Though the over 59yo men and women are quite diverse, generally, their knowledge is seemingly perceived as obsolete whilst youth is associated with progress and technological know-how. Old and young people have different interest, clothing taste and communication style at any one moment in time, which is described as intergenerational gap.
Generations are grouped by events (e.g. 9/11) and exceptional people (e.g. Steve Jobs) during each period: Baby boomers (1946 – 1964), General Xers (1965 – 1975), Generation Yers (1976 – 1980s), Millennials, Nexters and Me & I Generation (1980s – 1990s up to 2000), Generation Z (after 2000 – also known as Generation Multitasking/Skilling and WWW). The 2008 recession and current economic/financial crises have resulted to and continue to cause youth unemployment and poverty, which has significant consequences.

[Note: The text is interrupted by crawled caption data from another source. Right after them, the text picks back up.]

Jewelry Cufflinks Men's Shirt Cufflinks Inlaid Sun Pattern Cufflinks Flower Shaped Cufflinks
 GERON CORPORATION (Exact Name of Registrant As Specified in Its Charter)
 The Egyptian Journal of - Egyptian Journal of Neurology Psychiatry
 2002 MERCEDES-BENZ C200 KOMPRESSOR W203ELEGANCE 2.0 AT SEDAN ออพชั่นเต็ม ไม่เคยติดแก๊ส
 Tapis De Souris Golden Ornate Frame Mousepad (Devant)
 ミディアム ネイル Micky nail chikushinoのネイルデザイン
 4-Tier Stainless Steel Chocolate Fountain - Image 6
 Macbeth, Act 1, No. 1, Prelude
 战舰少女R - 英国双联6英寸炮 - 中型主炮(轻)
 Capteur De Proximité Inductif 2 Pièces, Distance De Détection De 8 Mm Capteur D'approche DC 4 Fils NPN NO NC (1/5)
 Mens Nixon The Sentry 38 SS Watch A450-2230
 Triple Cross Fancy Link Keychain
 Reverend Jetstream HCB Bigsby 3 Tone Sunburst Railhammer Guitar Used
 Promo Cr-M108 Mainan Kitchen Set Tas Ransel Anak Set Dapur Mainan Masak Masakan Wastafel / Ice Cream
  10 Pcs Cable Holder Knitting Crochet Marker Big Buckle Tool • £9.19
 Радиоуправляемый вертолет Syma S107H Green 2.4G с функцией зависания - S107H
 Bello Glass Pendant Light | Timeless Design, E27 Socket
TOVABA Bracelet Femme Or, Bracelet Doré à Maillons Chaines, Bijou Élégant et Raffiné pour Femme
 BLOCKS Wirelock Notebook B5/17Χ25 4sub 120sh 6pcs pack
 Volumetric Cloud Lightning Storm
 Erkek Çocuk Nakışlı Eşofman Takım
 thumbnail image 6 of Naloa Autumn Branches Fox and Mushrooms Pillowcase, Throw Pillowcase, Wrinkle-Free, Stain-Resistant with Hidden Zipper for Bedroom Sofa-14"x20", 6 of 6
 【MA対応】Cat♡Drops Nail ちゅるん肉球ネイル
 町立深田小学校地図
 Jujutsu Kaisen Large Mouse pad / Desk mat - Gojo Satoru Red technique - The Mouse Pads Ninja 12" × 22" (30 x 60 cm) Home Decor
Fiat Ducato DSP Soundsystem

One of these is that young people opt or are forced to live with their parents or relatives– a situation that can have positive impact on intergenerational gap.
Age is a diversity issue like gender, ethnicity and socio-economics: those with similar characteristics share the same viewpoints, outlooks, communication styles, etc. These diversity issues can be positive or negative factors in personal, social and professional life. While they can boast business and tolerance, they can also cause emotional (frustration and ill will), physical and economic drain and strife. For instance, Generation Xer bosses may require loyalty and dedication that young staffers consider impossible.
How do we narrow intergenerational gap? Within the family context, the magic word is availability – including less money but more time with children sharing their interest and views. In all other relationships, communication and understanding are primordial. Communication is hampered when there’s a lack of understanding. Likewise, we don’t understand each other because we don’t communicate openly. Young people complain that their teachers or employers interfere with their life; and because they learn and adopt fast, they see older people as comparatively slow decision-makers and are risk averse.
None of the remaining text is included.